Problem – Give again, exactly as written, the lines of the records below from the line with "With my breath" to the line with "You can download". Both end lines count; pictures do not.

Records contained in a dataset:
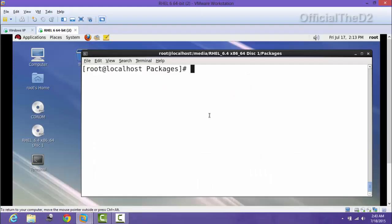Hello guys, this video is about how to access files from Red Hat 6 to Windows XP or any other Windows by Samba. We will access the files from Linux to Windows by Samba. First of all, we have to know whether we have installed Samba on Linux or not.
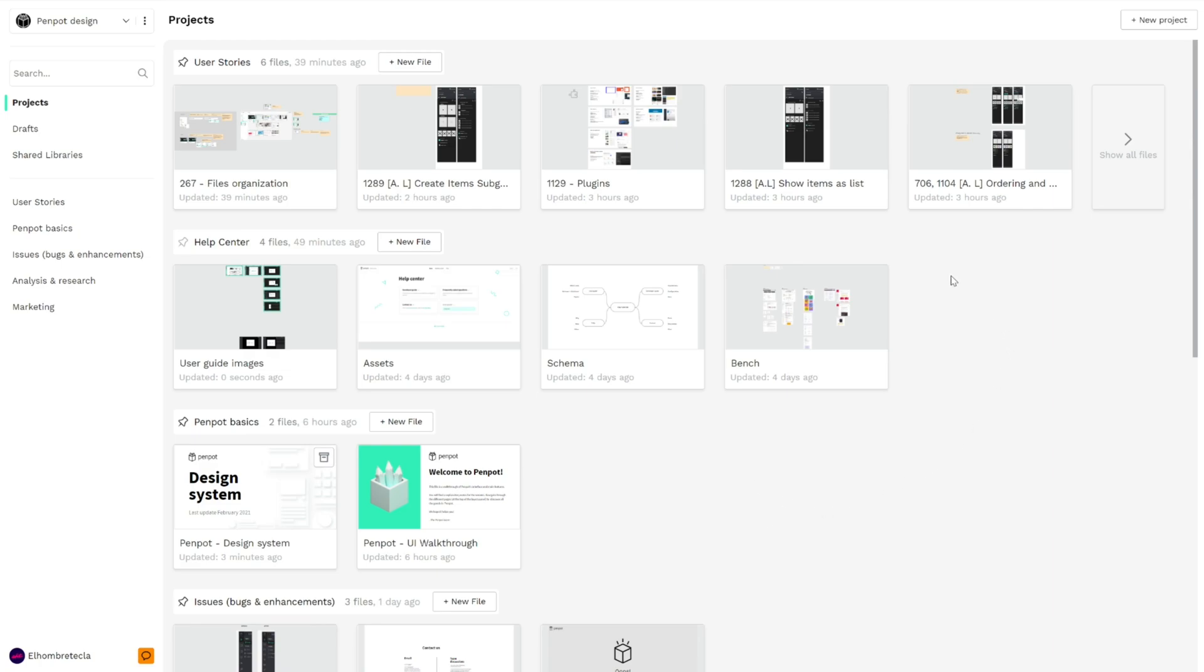To start, we'll take a look at the header. Here we have the main actions in each section. In Projects, which is the main screen of each team, we have New Project.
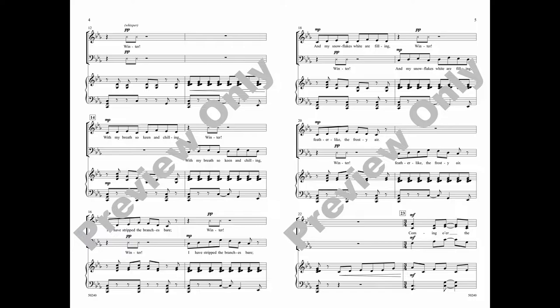With my breath so keen and chilling, I have stripped up branches bare. And my snowflakes white are falling, feather-like in frosty air.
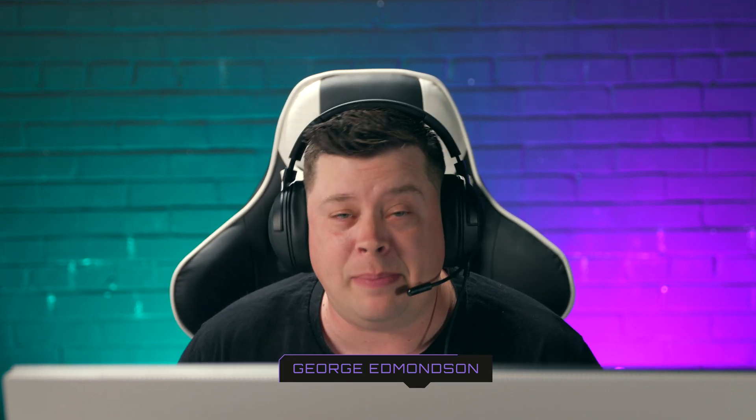Hello, this is George Edmondson with MotionVFX.com. Today we're looking at M Gaming. Now on to the tutorial.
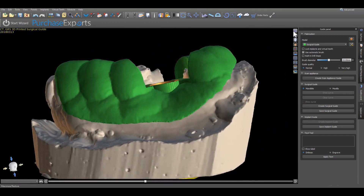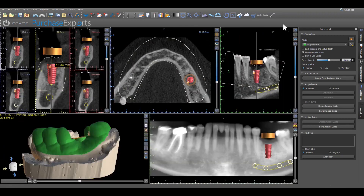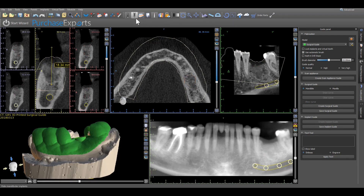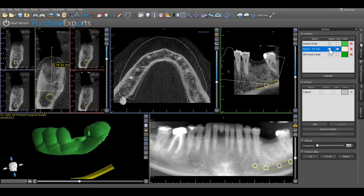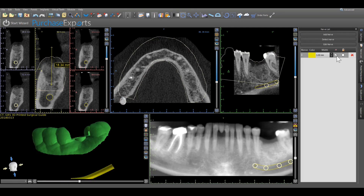It is also suggested to view the surgical guide in its native state by removing the model and guide tube elements from the 3D screen. This is easily accomplished by clicking on the implant icon at the top of the screen to remove the visibility of all implants and guide tubes. Then highlight the surfaces menu and turn off the visibility of the original model, along with any rendered nerves, by clicking on the nerve list button and turning off nerve visibility.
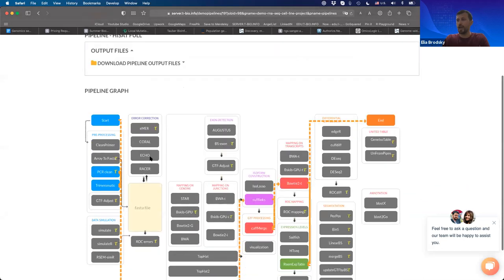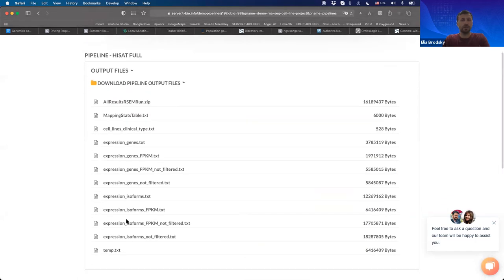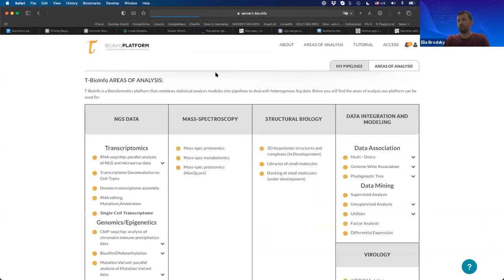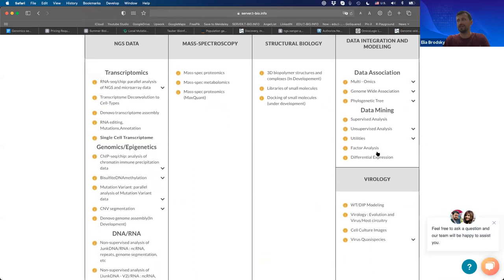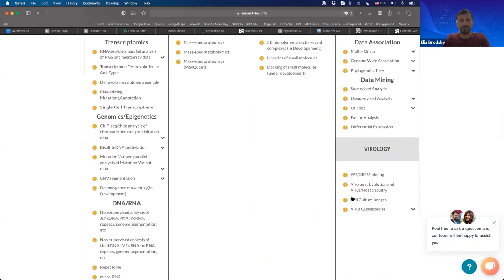You can download pipeline output files to see what those outputs look like. Once you get the table of expression — the major output — you'll be able to access a variety of data integration, data mining, and specific virology applications for these datasets, including supervised analysis, unsupervised analysis, biological interpretation utilities, and virology-specific applications.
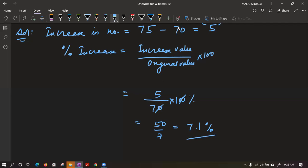So this is the concept of percentage increase or decrease. Arnav, don't worry — try to utilize percentage in your daily life, in your examination marks, and you will find it very interesting. Let us take one more example.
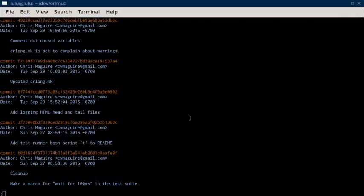This is my commit description for ErlMUD commit f7189f17e. All I did here was update erlang.make and it went out and grabbed a new copy of itself, or whatever, and updated itself. Simple commit.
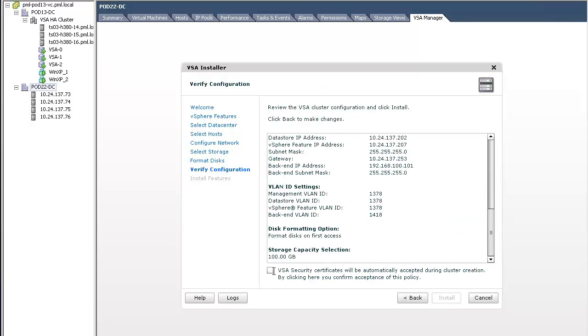Another new feature of VSA 5.1 is increased security, such as using HTTPS or SSL for communication. So, before the installation can proceed, we must accept the VSA security certificates.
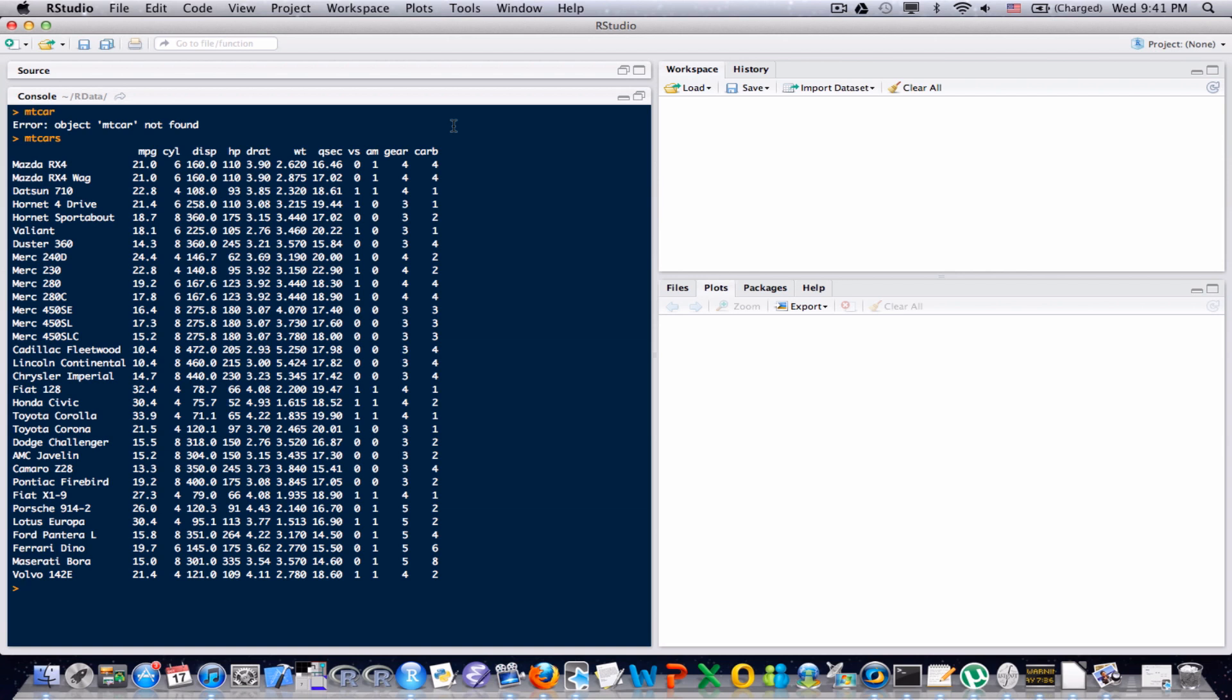Now we might encounter a situation where we don't want to look at the entire dataset. We might only want to look at a tiny portion of it. There are a lot of different reasons why we would do that, but let's talk about some ways to extract information from a dataset and extract only that information we want and exclude the information that we do not.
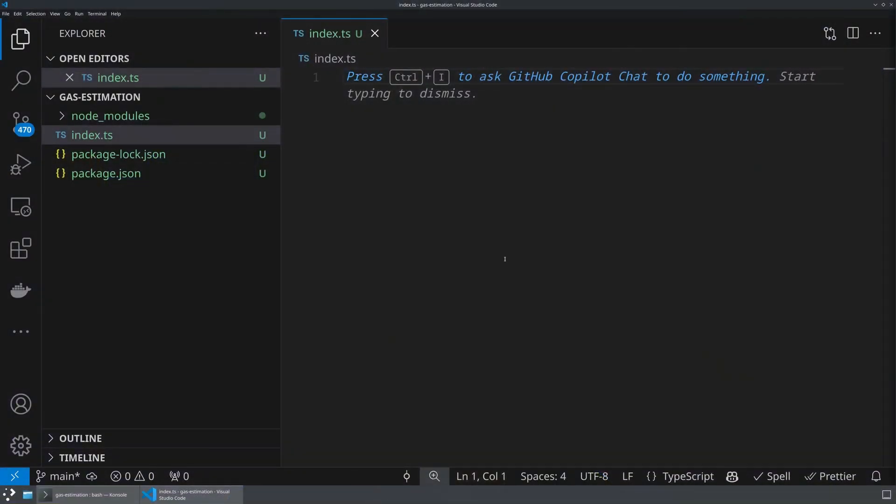To kick us off here, I've created a brand new project and folder. I've initialized npm, and then I've created an index.ts file in order for us to start writing some code.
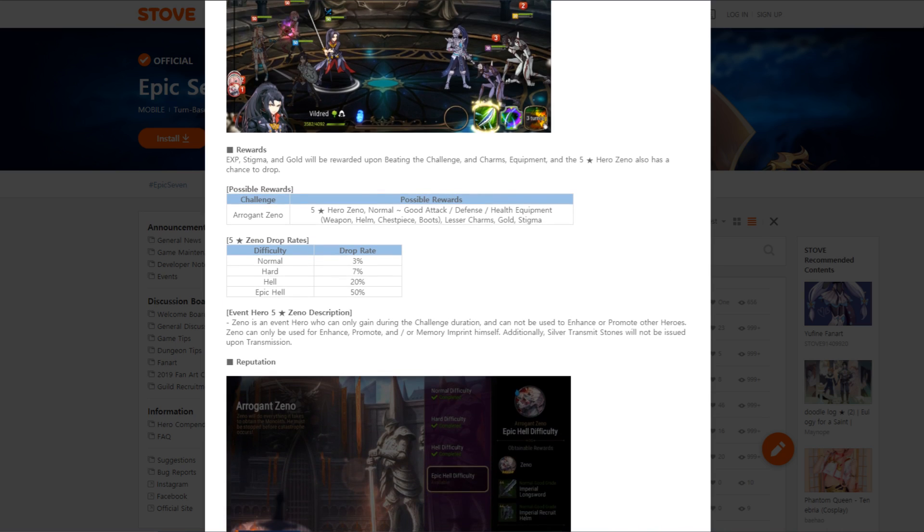The drop rate is actually 20% on Hell and 50% on Epic. So if you guys out there are pretty well invested in your team and able to take on Epic Hell, which I'm assuming is going to be very hard to beat, you literally have a 50% chance to drop it every single time, which means you're going to get a 6-star Zeno pretty quickly, and he actually seems really good. I could actually see Zeno being actually mainstay on some people's teams.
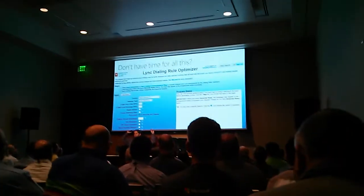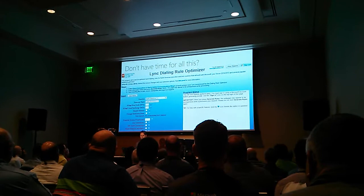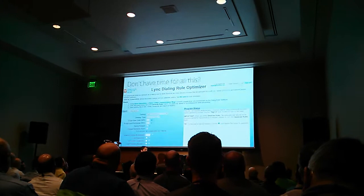Tools and all that kind of stuff — this is called the Linked Dialing Rule Optimizer. So what does it do? What is it?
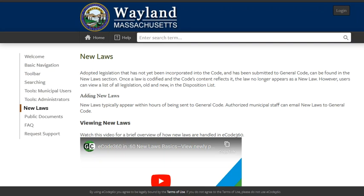As with any other type of statutory research, be sure to check the currency of any code you are using and know how to find those ordinances that are too new to be included in the code. Some publishers make it easy to find out if there are any ordinances too recent to be codified. Sometimes you will need to contact the city or town hall to make sure there hasn't been a recent change. Remember also that you shouldn't look at local laws in a vacuum, but also research applicable state and federal statutes and cases that are also binding.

Expected output –
With my breath so keen and chilling, I have stripped up branches bare. And my snowflakes white are falling, feather-like in frosty air.
Hello, this is George Edmondson with MotionVFX.com. Today we're looking at M Gaming. Now on to the tutorial.
It is also suggested to view the surgical guide in its native state by removing the model and guide tube elements from the 3D screen. This is easily accomplished by clicking on the implant icon at the top of the screen to remove the visibility of all implants and guide tubes. Then highlight the surfaces menu and turn off the visibility of the original model, along with any rendered nerves, by clicking on the nerve list button and turning off nerve visibility.
You can download pipeline output files to see what those outputs look like. Once you get the table of expression — the major output — you'll be able to access a variety of data integration, data mining, and specific virology applications for these datasets, including supervised analysis, unsupervised analysis, biological interpretation utilities, and virology-specific applications.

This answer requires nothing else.